Score Fusion for Speaker Identification using MFCC and ICMC Features

Joshi, Sonal

Score Fusion for Speaker Identification using MFCC and ICMC Features by Sonal Joshi - IIT Jodhpur Department of Electrical Engineering 2017 - xi,58p. HB

"The task of Speaker Identification (SID) or Speaker Recognition is to recognise the person
from a given speech utterance. That means to answer the question, ”Whose voice is this?” An important
application of SID is in forensics to verify the identity of a suspect.

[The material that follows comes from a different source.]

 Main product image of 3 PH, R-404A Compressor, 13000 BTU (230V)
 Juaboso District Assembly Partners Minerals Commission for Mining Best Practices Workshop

Other than forensic
applications, this technology is used to improve the performance of speech recognition, automatically
adjust preferences as per personal needs like in home automation and identify the speaker in
each segment of a teleconference or newsroom discussion (Speaker Diarization).
Even though real world applications demand robustness against various possible practical
and realistic conditions, generally SID systems have poor performance when there is a mismatch.
Different recording conditions in training and testing data lead to mismatch, which can be in the
form of language mismatch, session mismatch, sensor mismatch or any combination of the above.
To improve speaker recognition performance in mismatch scenarios, score fusion of log-likelihood
scores obtained using Gaussian Mixture Model - Universal Background Model (GMM-UBM) classifier
is explored in this work.
After an initial study of commonly used features using TIMIT database, GMM-UBMs using
Mel Frequency Cepstral Coefficients (MFCC) and recently proposed Infinite impulse response
Constant Q Mel-frequency cepstral Co-efficients (ICMC) features are scored independently. This
work is motivated by the fact fusion of systems using MFCC and ICMC at the score level will lead to
performance gain as both the features have complementary information. Experimental results, obtained
using IITG Multivariability Speaker Recognition Phase-I and Phase-II Database, prove that
the fusion results outperform the independently scored results by a significant margin for all mismatches.
Reported average relative improvements in identification accuracy over baseline MFCC
in percent for 128 mixture gaussian are 1.99% for language mismatch, 4.56% for session mismatch,
5.38% for language and session mismatch, 204.54% for sensor mismatch, and 175.3% for sensor
and session mismatch. Experimental results are also obtained using IITG Multivariability Speaker
Recognition Phase-III which is a truly conversational data collected over phone call.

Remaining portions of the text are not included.